• _What needs to be done_: Could you retype all of the records exactly, leaving out every picture?

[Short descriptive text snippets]
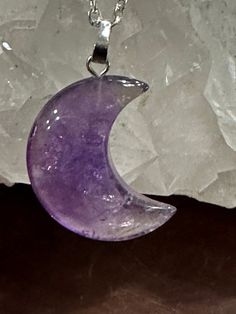 So excited to be able to offer these gorgeous half moon amethyst pendants! Moon-shaped jewelry is always so intriguing to me. These pendants are a stunning shade of purple. An 18-inch silver plated necklace is included. The moon shapes are approximately 1 inch long. Would make a great gift for the star-minded folks in your life! Purple Moon Shaped Spiritual Jewelry, Spiritual Purple Moon Shaped Jewelry, Spiritual Purple Moon-shaped Jewelry, Celestial Amethyst Purple Necklace, Celestial Purple Amethyst Necklace, Spiritual Purple Necklace With Moon Charm, Handmade Purple Crescent Jewelry, Purple Crescent Spiritual Jewelry, Purple Amethyst Moon Phase Jewelry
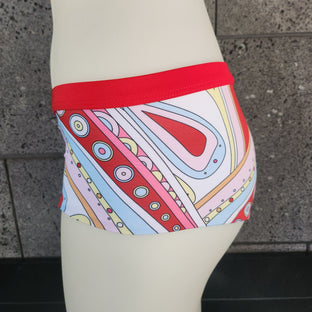 Colorful patterned boyshorts on a mannequin against a gray background.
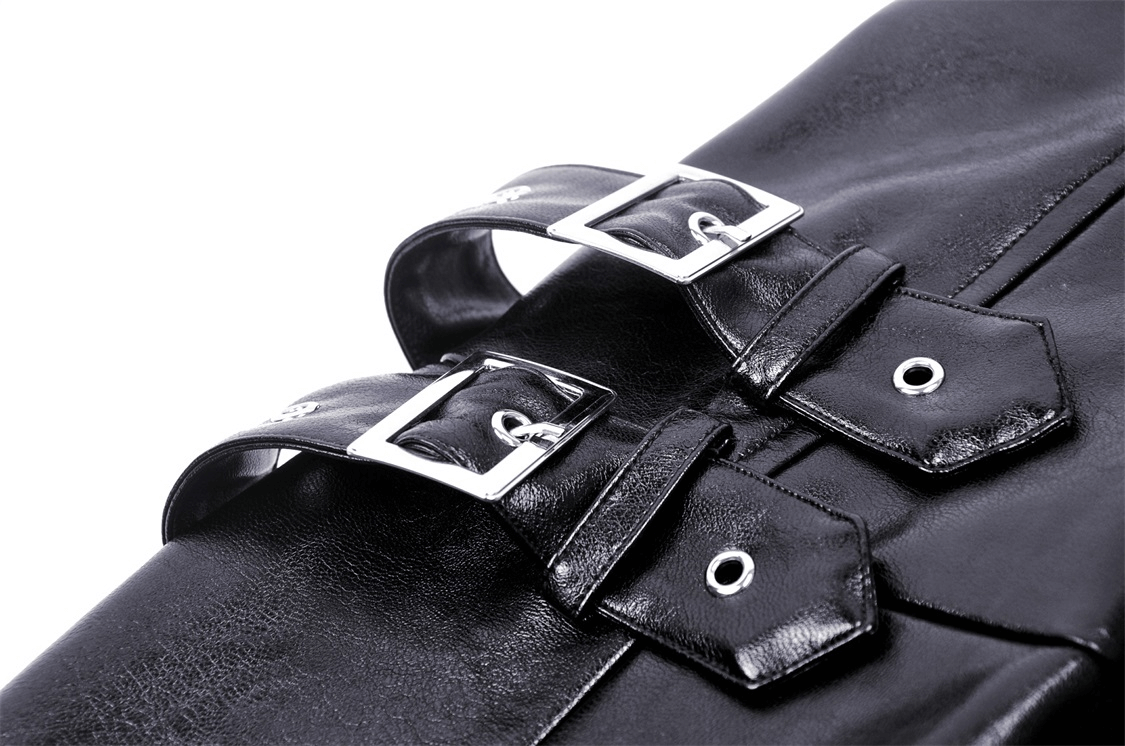 Close-up of stylish buckles on a black faux leather outfit, adding an edgy touch to modern fashion.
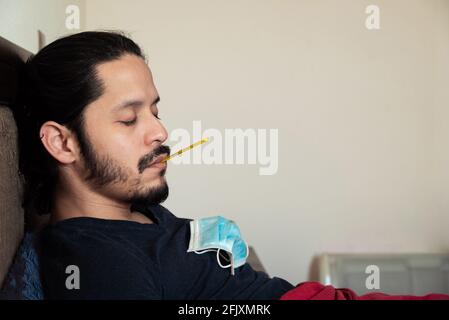 Young latin man sick on bed at home with a thermometer in his mouth Stock Photo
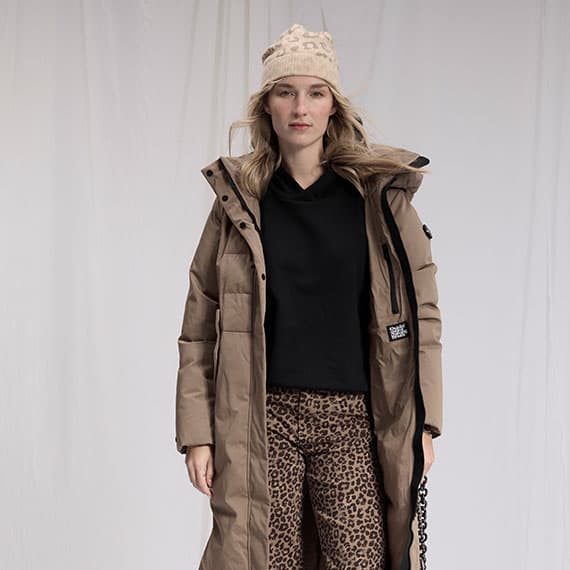 Frau trägt braunen langen Wintermantel, schwarzes Oberteil, Leopardenmuster-Hose und beige Mütze.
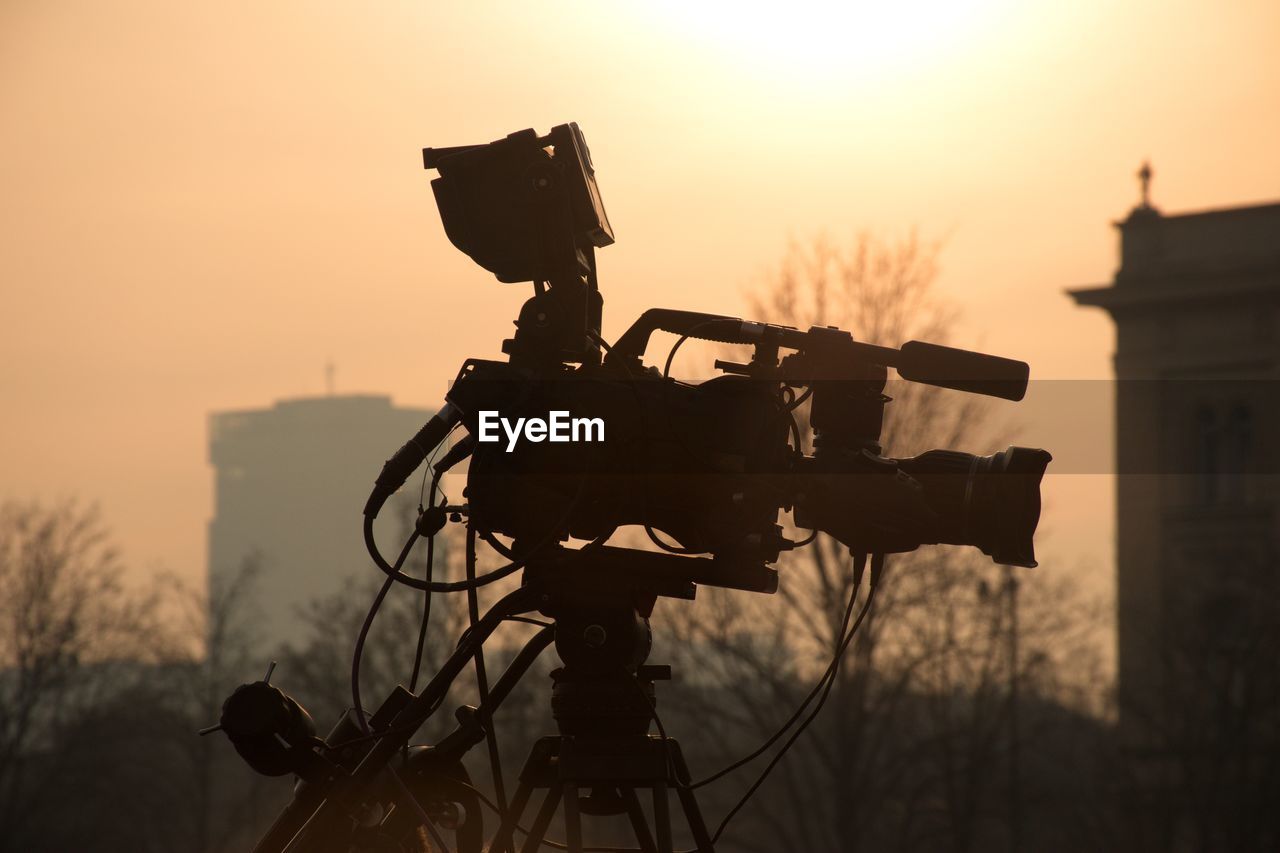 SILHOUETTE CAMERA ON FIELD AGAINST SKY AT SUNSET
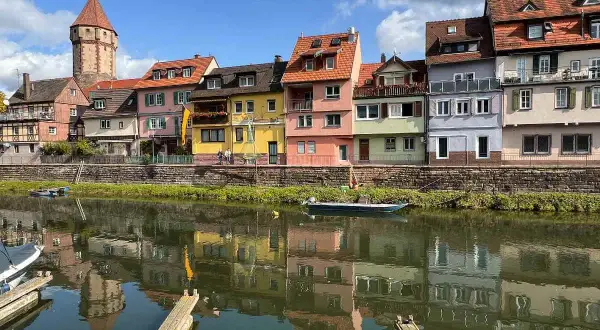 Bunte Häuserfront am Flussufer, ein Turm ragt empor. Hier könnte das Taubertal sein, mit Spiegelungen im Wasser.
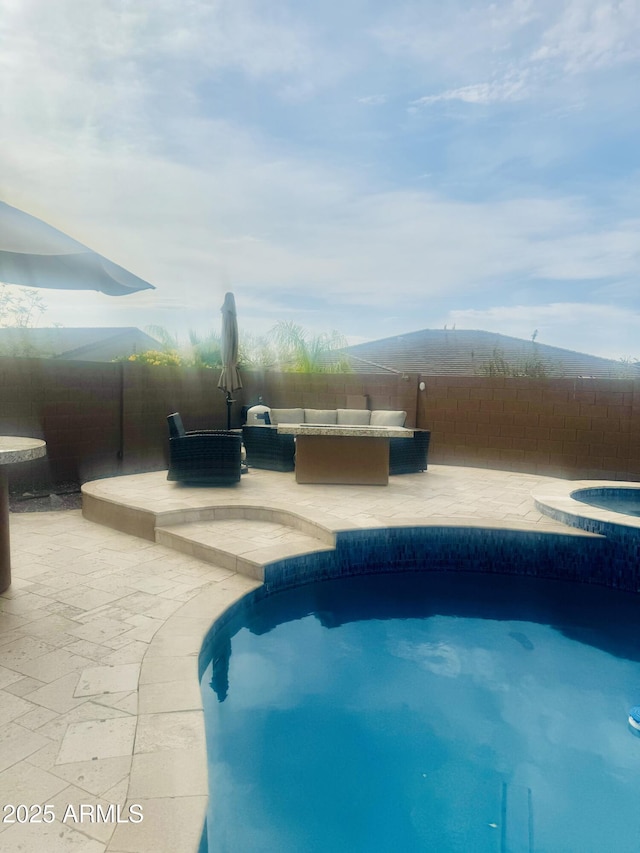 view of pool with a patio, a fenced backyard, an in ground hot tub, and a fenced in pool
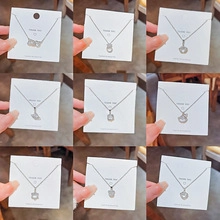 Detailed grid of nine assorted luxury bear and heart pendant necklaces on cards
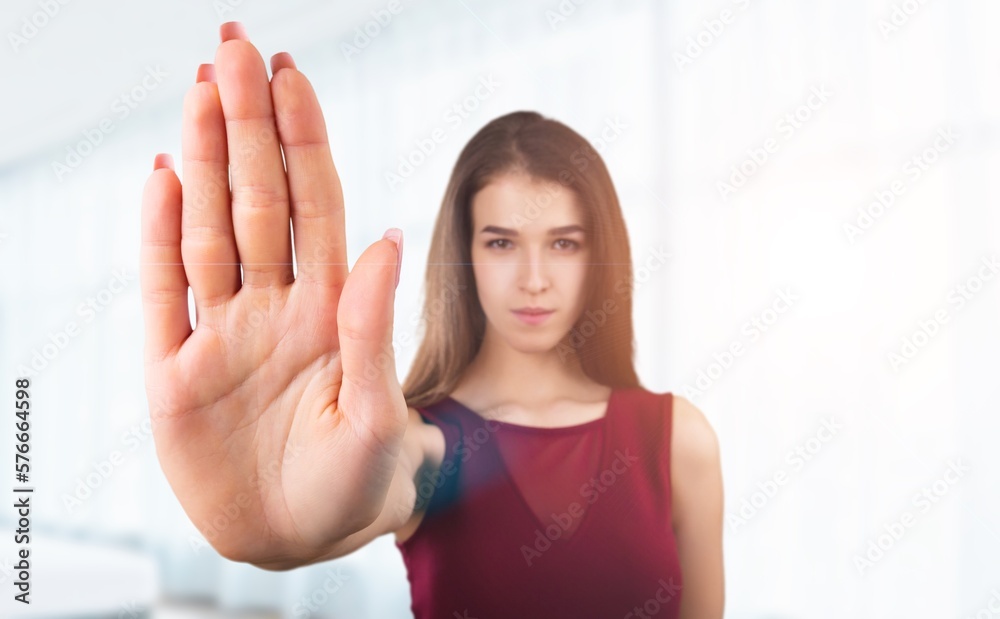 Young woman show stop sign with hand Young woman show stop sign with hand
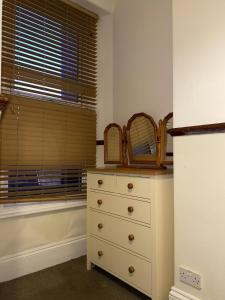 a bedroom with a white dresser and a window at Seaford Lodge Apartments in Weston-super-Mare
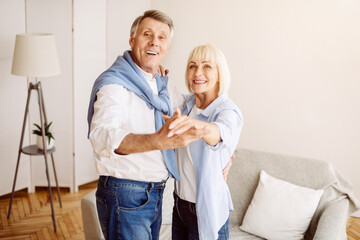 Fototapeta premium Elderly couple dancing together in the living room, smiling to camera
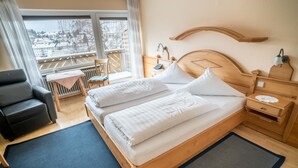 A hotel room with a large bed, a chair, a small table, and a view of a balcony. - Gasthaus & Naturparkhotel Linde (Löffingen)
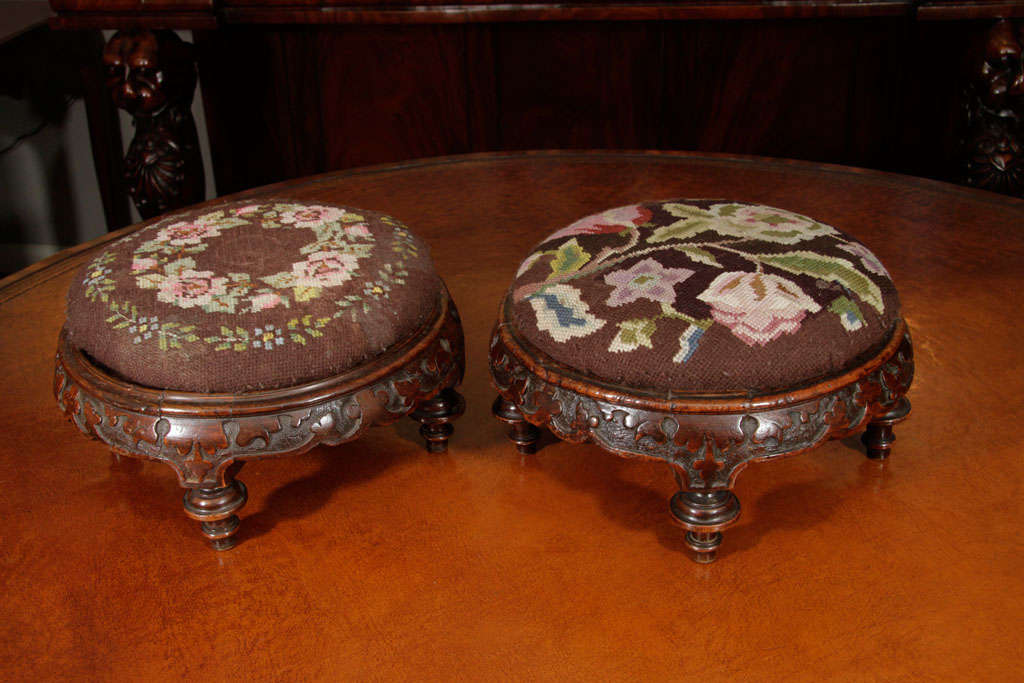 Pair of Irish mahogany gout stools of circular form, the frieze embellished with carved shamrocks raised on turned feet.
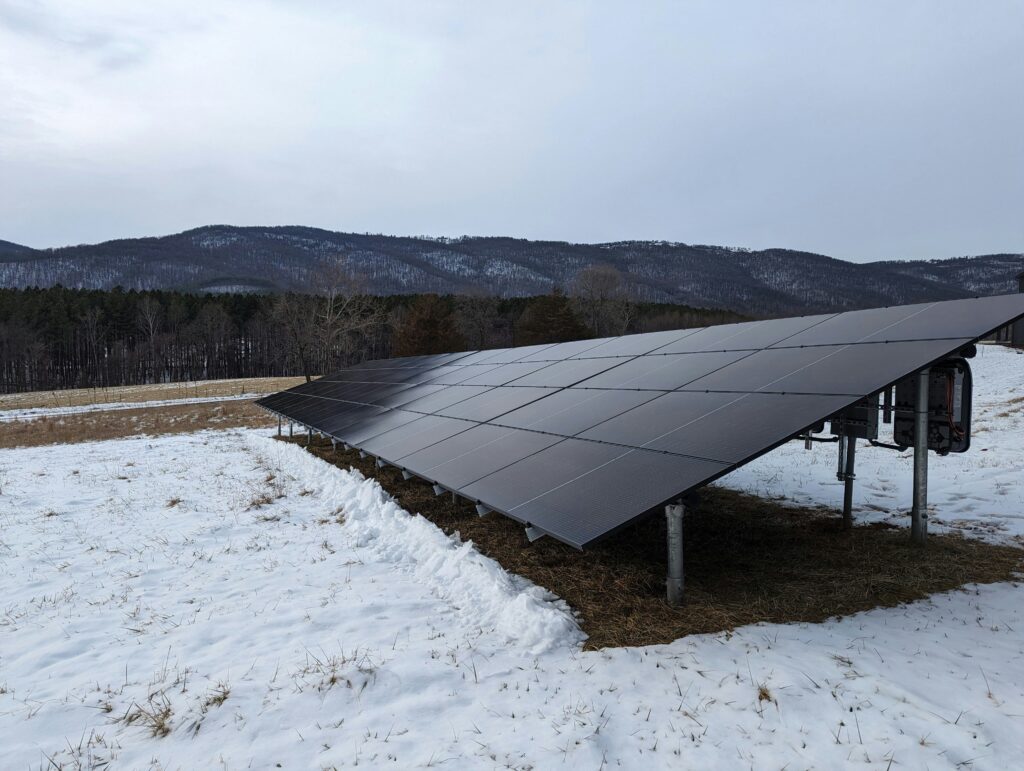 Solar panel array installed in a snowy field with mountains in the background, capturing the capability of solar power in midwest weather conditions.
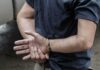 Kids at Risk—Why Were They Freed? person in handcuffs with hands behind back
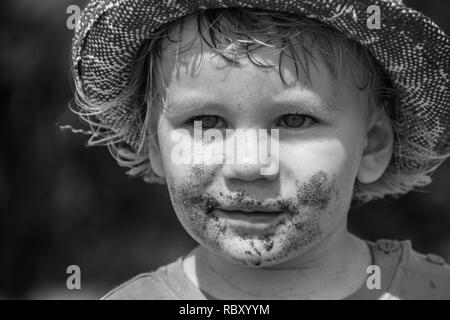 Un B&W portrait d'un jeune garçon portant un chapeau robuste Banque D'Images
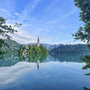 Kirche auf Insel im Bleder See, umgeben von Wasser und bewaldeten Hügeln.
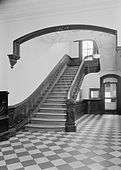 Entrance hall main stair with wood banister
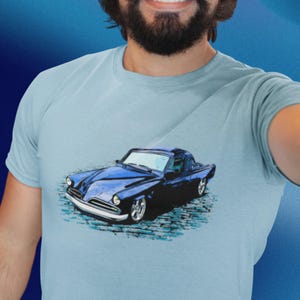 May include: A blue vintage car with a white interior is printed on a light blue t-shirt.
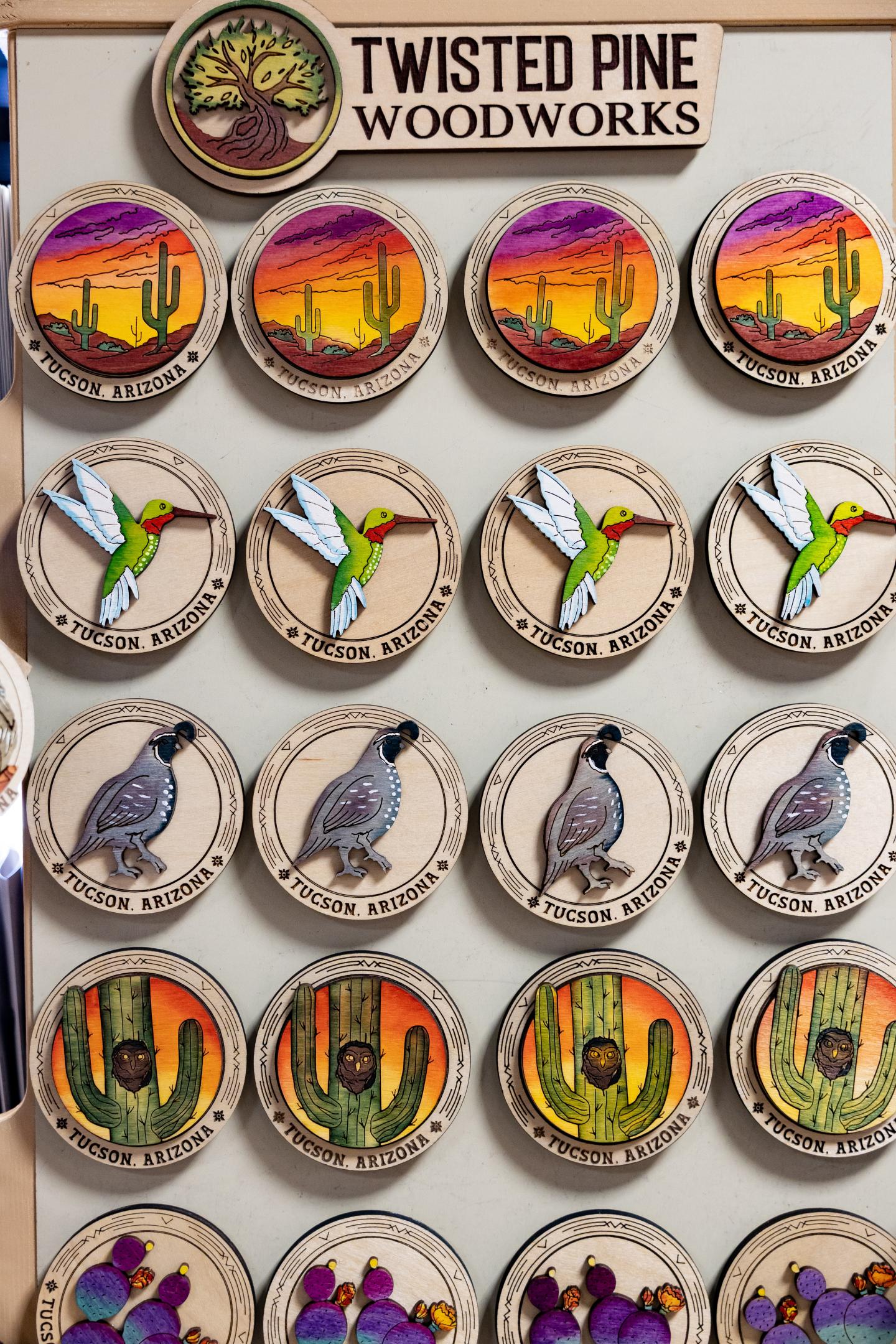 Wooden magnets with desert and bird designs in vibrant colors.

• _Task result_:
 So excited to be able to offer these gorgeous half moon amethyst pendants! Moon-shaped jewelry is always so intriguing to me. These pendants are a stunning shade of purple. An 18-inch silver plated necklace is included. The moon shapes are approximately 1 inch long. Would make a great gift for the star-minded folks in your life! Purple Moon Shaped Spiritual Jewelry, Spiritual Purple Moon Shaped Jewelry, Spiritual Purple Moon-shaped Jewelry, Celestial Amethyst Purple Necklace, Celestial Purple Amethyst Necklace, Spiritual Purple Necklace With Moon Charm, Handmade Purple Crescent Jewelry, Purple Crescent Spiritual Jewelry, Purple Amethyst Moon Phase Jewelry
 Colorful patterned boyshorts on a mannequin against a gray background.
 Close-up of stylish buckles on a black faux leather outfit, adding an edgy touch to modern fashion.
 Young latin man sick on bed at home with a thermometer in his mouth Stock Photo
 Frau trägt braunen langen Wintermantel, schwarzes Oberteil, Leopardenmuster-Hose und beige Mütze.
 SILHOUETTE CAMERA ON FIELD AGAINST SKY AT SUNSET
 Bunte Häuserfront am Flussufer, ein Turm ragt empor. Hier könnte das Taubertal sein, mit Spiegelungen im Wasser.
 view of pool with a patio, a fenced backyard, an in ground hot tub, and a fenced in pool
 Detailed grid of nine assorted luxury bear and heart pendant necklaces on cards
 Young woman show stop sign with hand Young woman show stop sign with hand
 a bedroom with a white dresser and a window at Seaford Lodge Apartments in Weston-super-Mare
 Fototapeta premium Elderly couple dancing together in the living room, smiling to camera
 A hotel room with a large bed, a chair, a small table, and a view of a balcony. - Gasthaus & Naturparkhotel Linde (Löffingen)
 Pair of Irish mahogany gout stools of circular form, the frieze embellished with carved shamrocks raised on turned feet.
 Solar panel array installed in a snowy field with mountains in the background, capturing the capability of solar power in midwest weather conditions.
 Kids at Risk—Why Were They Freed? person in handcuffs with hands behind back
 Un B&W portrait d'un jeune garçon portant un chapeau robuste Banque D'Images
 Kirche auf Insel im Bleder See, umgeben von Wasser und bewaldeten Hügeln.
 Entrance hall main stair with wood banister
 May include: A blue vintage car with a white interior is printed on a light blue t-shirt.
 Wooden magnets with desert and bird designs in vibrant colors.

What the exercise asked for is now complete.